Autor: Angel Calle Collado y Jose Bellver Soroa

FUHEM-Ecosocial (José Bellver)

Angel Calle Collado es profesor de Sociología en la Universidad de Córdoba (en el Instituto de Sociología y Estudios Campesinos). Sus intereses de investigación espacian de la agroecología política, a la sustentabilidad, los bienes comunes y los nuevos movimientos globales. Forma parte de Comunaria.net, espacio dedicado a la investigación aplicada en bienes comunes y del grupo motor de La Red de Investigación y Apoyo Municipalista (REDINAM) cuyo ámbito de trabajo gira alrededor de los avances y los retos del muncipalismo, y en particular de candidaturas con acento local y municipalista, en los diferentes territorios.

José Bellver (JB): «Democracia local y participación ciudadana» es una de las expresiones de mayor fortuna en la actualidad, ¿a qué crees que es debido? ¿Qué denota y en qué se ha materializado tras el ascenso de los nuevos municipalismos?

Angel Calle (AC): Creo que se debe a dos movimientos. Uno que entronca con la idea de democracias fuertes, de participar directamente, de deliberar, de autogobierno (autores como Barber o Castoriadis nos hablaron de ello). No es en realidad una idea, es una práctica, que surge en los sesenta como contestación de lo gris y autoritarios que resultan los grandes sistemas capitalistas y del socialismo “real” del siglo pasado.
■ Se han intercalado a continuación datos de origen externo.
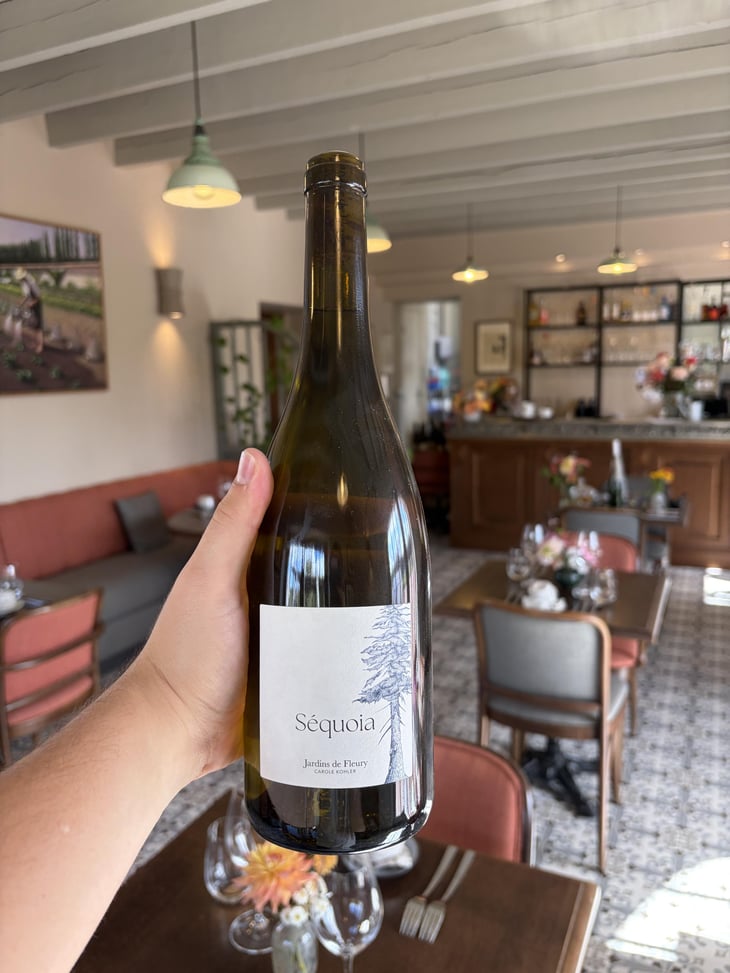Séquoia 75cl - Jardins de Fleury - Carole Kohler 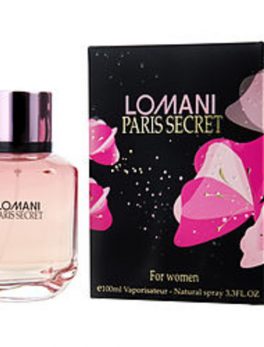 Lomani Paris Secret Eau De Parfum Spray 3.3 Oz For Women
Al calor de este empuje social, hay lo que diríamos un intento de “recuperar” y “descafeinar”. El Banco Mundial habla de participación porque así habla de “sociedad civil” y no habla de Estado, por ejemplo. Los nuevos municipalismos, obviamente, beben de la primera corriente. Beben, pero provienen de las bases municipalistas, que en este país agrupa al movimiento anarquista y libertario, a las prácticas de los comunales o a las corrientes marxistas de matriz más movimentista y autónoma. Hoy, con la desafección política que reina entre la ciudadanía,los nuevos municipalismos son también una opción para una gente que siente que ha perdido control de sus vidas, de lo que se llaman sus instituciones, y necesita respuestas y mecanismos más palpables de participación, de pensar su ciudad, pueblo o territorio.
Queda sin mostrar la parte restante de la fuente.